Mr Besley told shareholders at the CBA annual meeting in Melbourne he had no involvment because he is chairman of Leighton Holdings, which built Star City and is one of its largest equity investors. Similarly, he said Anna Booth, a CBA director and Star City executive, was also not involved.

It was left to managing director David Murray to explain the loan and while not dealing with the specifics, he effectively admitted the bank had been unable to find other banks to syndicate it with and had breached internal credit limits.

"It is possible for those limits to be exceeded where we set out to syndicate the loan and we cannot syndicate it due to changed positions in the syndication market," he said.

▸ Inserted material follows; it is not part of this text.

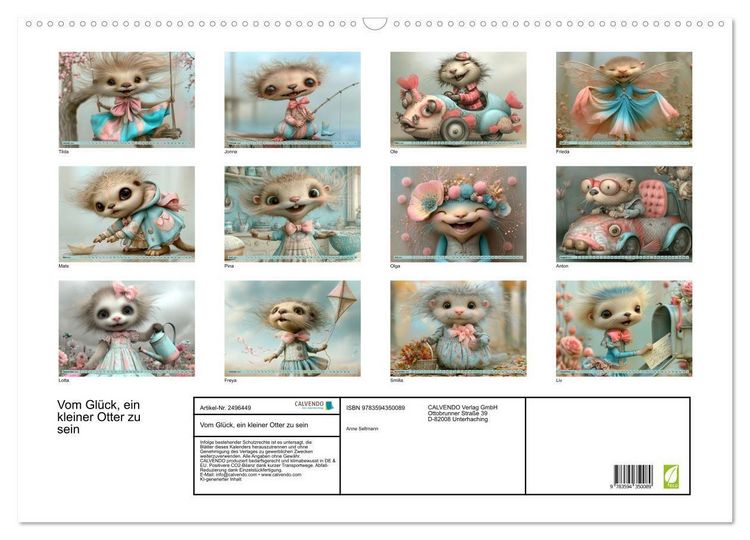 Produktbild: Vom Gl&uuml;ck, ein kleiner Otter zu sein (Wandkalender 2027 DIN A2 quer), CALVENDO Monatskalender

"Those markets did change radically this year with the collapse of the Japanese banking system and withdrawal of the number of foreign banks from the syndication market.

"Therefore, there are circumstances in which we can be left with larger exposures than we would otherwise prefer. However, the risk could be spread "by later selling part of the loan", he said.

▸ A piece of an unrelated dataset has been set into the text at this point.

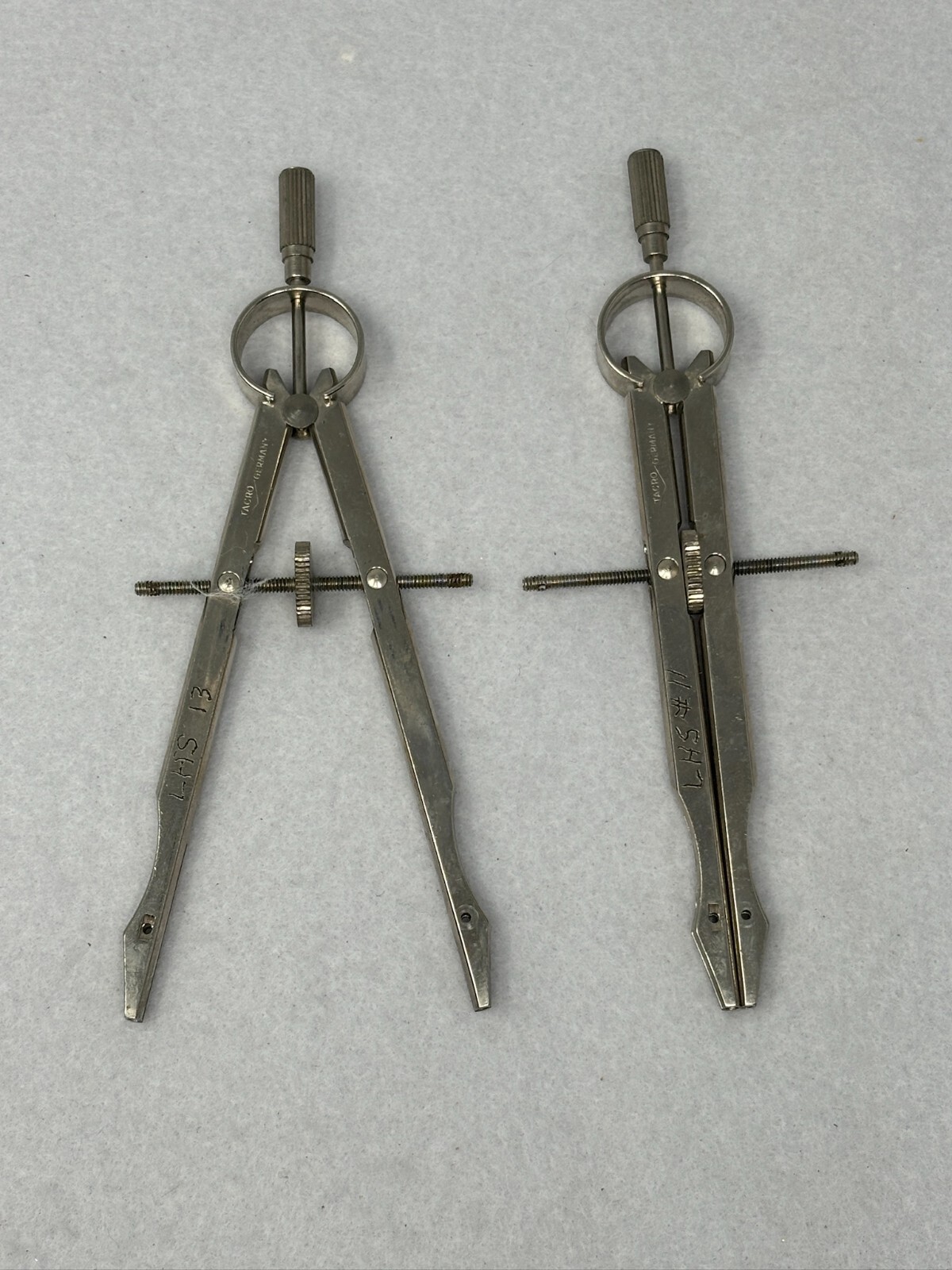 Vtg Tacro Drafting Tool West Germany Engineering Compass Drawing Set of 2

Mr Murray also confirmed CBA made "a very satisfactory gain" on its investments on the M4 and M5 toll road projects which it sold to the Hastings infrastructure group for $260 million earlier this month.

However, this was slightly offset by small writedowns on its holdings in Brisbane airport and the Victorian power generation sector.

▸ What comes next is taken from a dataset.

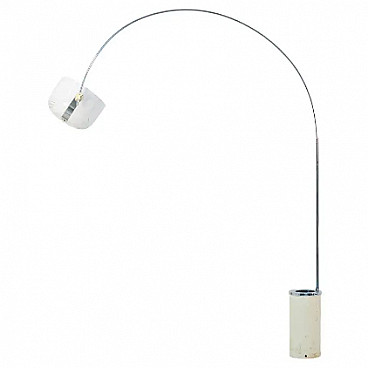 Adjustable floor lamp model Arc by Harvey Guzzini in white, 1970s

Mr Besley also said CBA was expecting "modest growth" in profits in the year ending June 30, 1999, and promised to at least maintain dividend payments which totalled $1.04 billion last year.

This growth will be achieved despite Mr Murray's concern that "margins will continue to fall gradually over time". This is likely to be offset by ever-increasing fees and cost containment through more branch closures and job shedding.

Mr Murray also forecast interest rates would remain steady until the new year.

CBA shares closed 5c lower at $19.48 yesterday, suggesting the one million share options approved for Mr Murray yesterday will cost him almost $20 million if they are exercised.

Commonwealth Bank boss sorry for herograms

Commonwealth Bank chief executive David Murray yesterday humbly apologised for claiming Australians should be sending telegrams of congratulation to the major banks rather than complaining about branch closures.

Mr Murray said he was "a little bit surprised" at the backlash against the bank over moves to close branches at Lalor Park, Carlton and Penshurst in Sydney, particularly as a Federal Government committee held the Commonwealth Bank up as a model for handling rural branch closures.

But he warned that worldwide trends and alternative technologies such as telephone banking, the Internet and EFTPOS meant there was "no doubt there will be some continuing reduction in the branch population". He apologised to about 1000 shareholders at the bank's annual meeting in Melbourne.

Last week he told a business lunch: "Instead of politically inspired letters that I get for closing a couple of branches, the people of Australia should be sending telegrams of congratulation to each of the major banks."

Yesterday, he said: "Some comments that I made . . . were taken as a put-down of people affected by branch closures. I was extremely sorry that that was taken that way.

"To the extent that any of our shareholders have been caught in the flak or been given any reason for anxiety over this issue by this publicity, I also apologise to them."

Despite protests about the Sydney closures, the threatened busloads of angry customers did not make the trip to Melbourne for the meeting.

The Commonwealth Bank reduced its network of branches by 116 to 1215 in 1997-98 and Mr Murray said closures would continue this year.
Shareholders were generally pleased with the bank's performance. Its shares have risen from $5.40 to almost $20 since 1991 when it was floated.

Annual profits of more than $1 billion are now a regular feature and Mr Murray said this was thanks to tough decisions in areas such as branches and staff numbers.